### What to do
Reproduce each line of the data exactly as it is.

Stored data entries
□ □ □ □

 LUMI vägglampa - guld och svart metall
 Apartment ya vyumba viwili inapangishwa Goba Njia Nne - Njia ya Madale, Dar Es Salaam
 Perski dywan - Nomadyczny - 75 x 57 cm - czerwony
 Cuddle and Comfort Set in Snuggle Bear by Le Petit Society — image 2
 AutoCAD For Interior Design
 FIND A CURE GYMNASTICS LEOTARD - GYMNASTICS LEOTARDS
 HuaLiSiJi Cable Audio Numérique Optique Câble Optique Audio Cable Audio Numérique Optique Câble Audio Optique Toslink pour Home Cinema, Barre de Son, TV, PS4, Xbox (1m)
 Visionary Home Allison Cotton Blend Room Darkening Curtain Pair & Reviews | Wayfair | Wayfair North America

□ □ □ □

### Reply
 LUMI vägglampa - guld och svart metall
 Apartment ya vyumba viwili inapangishwa Goba Njia Nne - Njia ya Madale, Dar Es Salaam
 Perski dywan - Nomadyczny - 75 x 57 cm - czerwony
 Cuddle and Comfort Set in Snuggle Bear by Le Petit Society — image 2
 AutoCAD For Interior Design
 FIND A CURE GYMNASTICS LEOTARD - GYMNASTICS LEOTARDS
 HuaLiSiJi Cable Audio Numérique Optique Câble Optique Audio Cable Audio Numérique Optique Câble Audio Optique Toslink pour Home Cinema, Barre de Son, TV, PS4, Xbox (1m)
 Visionary Home Allison Cotton Blend Room Darkening Curtain Pair & Reviews | Wayfair | Wayfair North America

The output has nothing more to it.